For two area school districts, the possibility of consolidating at the administrative level is something meriting further discussion.
The Clymer and Panama central school districts are anticipating holding a second joint meeting in the consideration of creating a shared superintendent position. According to the district leaders, both boards of education have expressed interest in moving forward with discussions.
"Our boards will be setting up another joint meeting this summer to continue this complicated process," said Bert Lictus, Panama superintendent. "I think members of the Panama community are willing to look at options for the future, including sharing (a superintendent). I'm sure there are varying degrees of support, but I think most people would agree that we need to be looking at alternative means of doing business in the future."

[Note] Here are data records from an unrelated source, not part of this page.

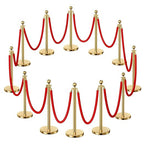 12pcs Sturdy Gold Stanchion Posts and 12pcs High Quality Red Carpet Velvet Ropes, Water/Sand/Concrete Fillable Leakproof Base, Crowd Control Barriers for Birthday, Prom, Business, Wedding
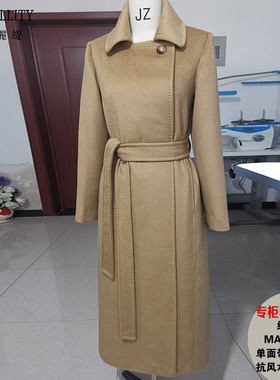 经典款MANUELA单面带里衬加厚抗风水波纹大衣驼H版型女冬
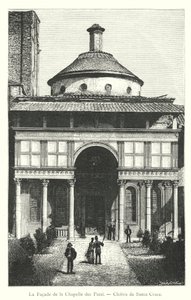 واجهة كنيسة Pazzi ، Cloitre de Santa Croce (نقش) بواسطة المدرسة الايطالية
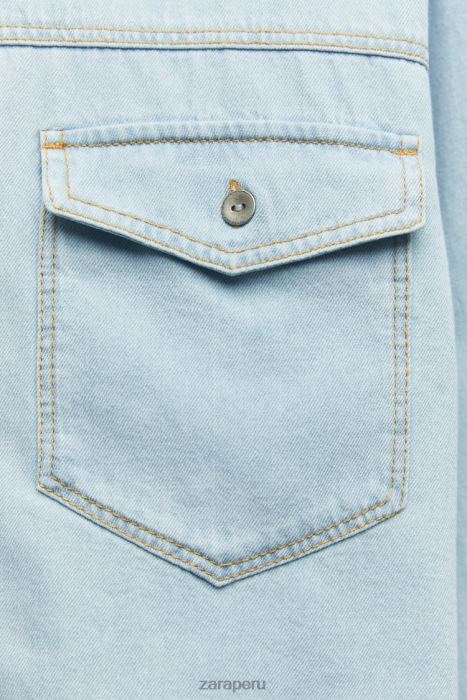 Zara mujer camisa vaquera corta z1975 BDP8J408 ropa azul claro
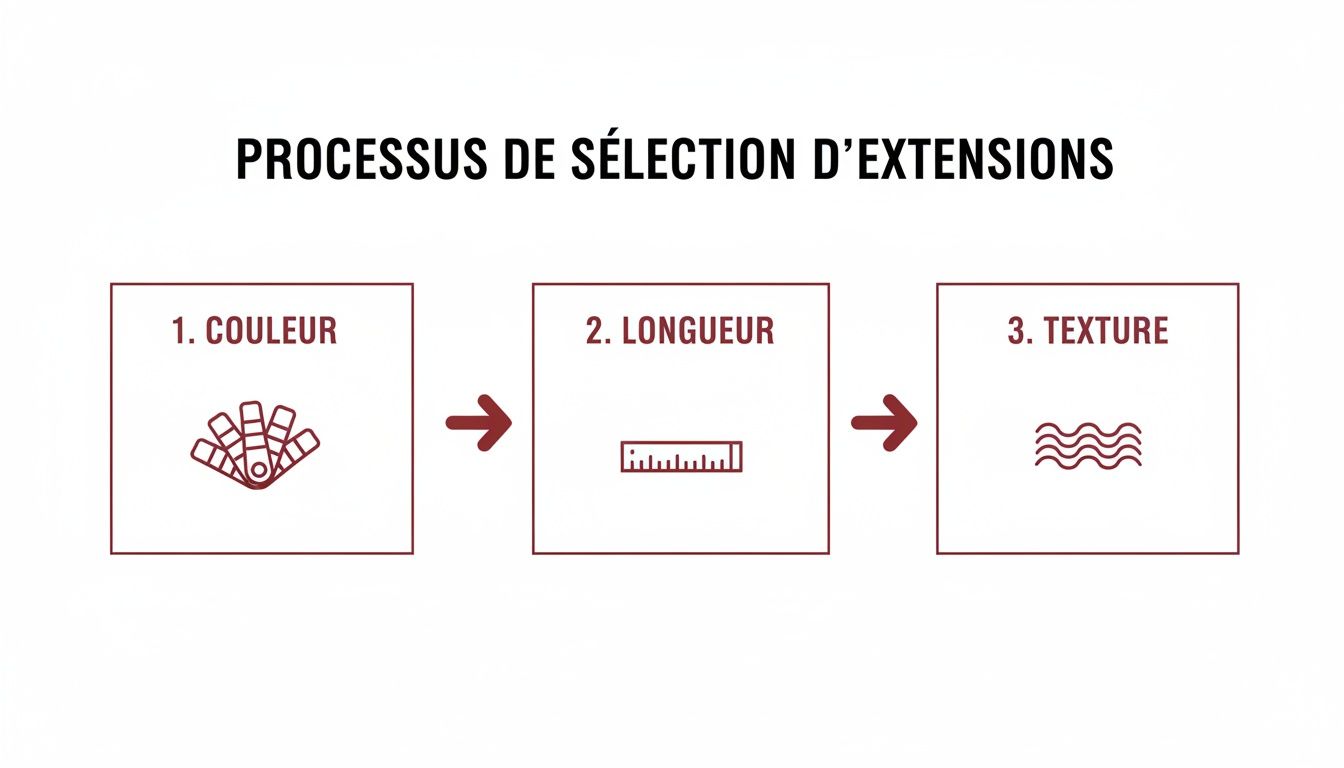 Infographie illustrant les étapes de sélection des extensions de cheveux: couleur, longueur et texture.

Karen Moon, Clymer interim superintendent, sent an email to her staff announcing a special board meeting to be held at 4 p.m. Wednesday. The meeting is for the purpose of committing to move forward with discussions.
"I feel there are more pros to the concept than cons," said Moon. "Clymer has been sharing sports teams for a few years, and will continue to do so. So looking at other opportunities, (such as) sharing a superintendent, is timely. I feel the Clymer community is willing to look at this option, and understand small districts need to consider alternative ways of doing business - for now and in the future."
The decision of the districts to proceed with discussions comes after an initial joint meeting last month between the boards and David O'Rourke, Erie 2 Chautauqua-Cattaraugus BOCES superintendent. At the meeting, O'Rourke outlined the benefits and challenges of a shared superintendent based on his own research.
According to O'Rourke, while neither district has taken formal action in pursuing the proposal, he expects to be hearing something from them within the next month. He has also provided his endorsement of Lictus as the shared superintendent, should the districts opt to undertake the process.
"I think Bert is a logical choice for both districts," O'Rourke said. "He grew up in Clymer, and has been a successful leader in Panama. It's kind of the best of both worlds. From my perspective, that's why this conversation made sense for these two districts and, quite frankly, that's why I agreed to come out and help with it. I think it's a circumstance that's kind of unique in having the right person in the right place at the right time."
O'Rourke reported that, though legislation to legalize a shared-superintendent system was passed in 1981, it is still a relatively new system. He said two-school, shared superintendent systems are rare in New York, and could cause some transitional problems.
On the upside, he said the schools that have already made the switch have reported a savings of $50,000-$60,000 on superintendent salary which, ideally, would be realized without any loss of services. According to a comprehensive administrative compensation report for the 2013-14 school year, which was obtained from the state Education Department website, the salaries paid to the Clymer and Panama superintendents will be $112,200 and $116,812, respectively.
"I want to go on record to say that I don't think that a shared-superintendent system is an ideal system," said O'Rourke, during the districts' joint meeting in June. "But I think districts are forced to contend with it as a possible local option that they have available to them as they try to find solutions to some very difficult, large problems that face the schools."